VOICI LES principaux chantiers économiques qui attendent le banquier italien s’il arrive à former un gouvernement. 1. Relancer la machine économique : la troisième économie de la zone euro bat de l’aile, laminée par les effets dévastateurs de la pandémie de coronavirus. La péninsule a subi en 2020 l’une des pires chutes du PIB de la zone euro, avec un plongeon de 8,9 %. Premier pays touché par la pandémie en Europe, l’Italie avait imposé un strict confinement en mars et avril, paralysant une grande partie de son tissu économique.
Avec l’assouplissement des mesures, l’économie a redémarré au troisième trimestre (+16 %), avant de replonger au quatrième (-2 %) en raison de la seconde vague de la pandémie. « Le Covid-19 a aggravé la crise et l’Italie continue à être l’homme malade de l’Europe », résume pour l’AFP Fabio Pammolli, professeur d’économie à l’école de commerce de Polytechnique à Milan. Pour relancer la machine, Rome table sur un plan de plus de 200 milliards d’euros financé par l’Union européenne.
Un leader charismatique
2. Rassembler autour du bon diagnostic, réunifier l’action politique : une vive controverse sur l’usage de ces fonds a fait exploser la coalition de centre gauche au pouvoir. Matteo Renzi a claqué la porte en reprochant au chef du gouvernement démissionnaire Giuseppe Conte de distribuer des largesses aux Italiens au lieu de profiter de cette manne pour réformer structurellement le pays.
Et il n’a pas hésité à citer des propos de Mario Draghi, qui avait estimé en août qu’une dette est « mauvaise » si elle est utilisée « à des fins improductives ». Le retard pris par la mise en musique de ce plan a suscité des inquiétudes en Europe.

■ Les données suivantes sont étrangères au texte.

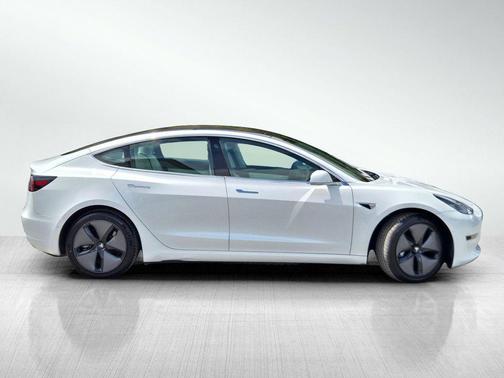 Pearl White Multi-Coat 2018 Tesla Model 3 Long Range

Avec l’arrivée de Mario Draghi, ces craintes s’apaisent. S’il y a une personne capable de rassurer Bruxelles sur la détermination de l’Italie à mettre en œuvre le plan de relance, c’est bien lui », commente Fabio Pammolli. « Angela Merkel quitte la scène, mais l’Europe retrouve un leader charismatique ».
3. Redonner de l’éclat à la diplomatie italienne : prenant le relais de l’Arabie saoudite, l’Italie assume cette année la présidence du G20, qui rassemble les vingt plus puissantes économies de la planète. Cet événement prestigieux sert généralement de vitrine au pays organisateur. Dans le cas de l’Italie, en pleine tourmente politique, la présidence risquait de tourner au fiasco. Le statut international de Mario Draghi confère à la présidence italienne un poids bien spécifique. Le pays pourra se repositionner sur l’échiquier géopolitique, après des années d’instabilité », estime Fabio Pammolli.
4. Préparer la restructuration de l’énorme dette publique : au fil des années, l’Italie a accumulé une dette colossale de près de 2 600 milliards d’euros, soit 158 % du PIB fin 2020, le ratio le plus élevé de la zone euro derrière la Grèce. Bruxelles a suspendu en 2020 les règles de discipline budgétaire, une mesure inédite prise en raison de la pandémie.
Mais cette clémence ne sera pas éternelle. « En fin connaisseur des rouages de la BCE, Mario Draghi est le mieux placé pour négocier une potentielle restructuration de la dette du pays », analyse John Plassard, spécialiste en investissement de Mirabaud.
5. Désamorcer la poudrière sociale : le taux de chômage en Italie a encore augmenté en décembre, atteignant 9 %, bien au-dessus de la moyenne de la zone euro. Pire, pour les jeunes de 15-24 ans, il a atteint 29,7 %. Selon le syndicat agricole Coldiretti, le nombre d’Italiens ayant recours à l’aide alimentaire a augmenté de plus d’un tiers en 2020 pour atteindre 3,7 millions de personnes, soit un million de plus, les « nouveaux pauvres » du Covid-19.
En plus, « à la fin du mois de mars, le gel des licenciements arrive à sa fin », ce qui comporte le risque d’une « grave situation de tensions sociales », a déclaré à l’AFP Lucio Lamberti, professeur de stratégie à l’école de commerce de Polytechnique.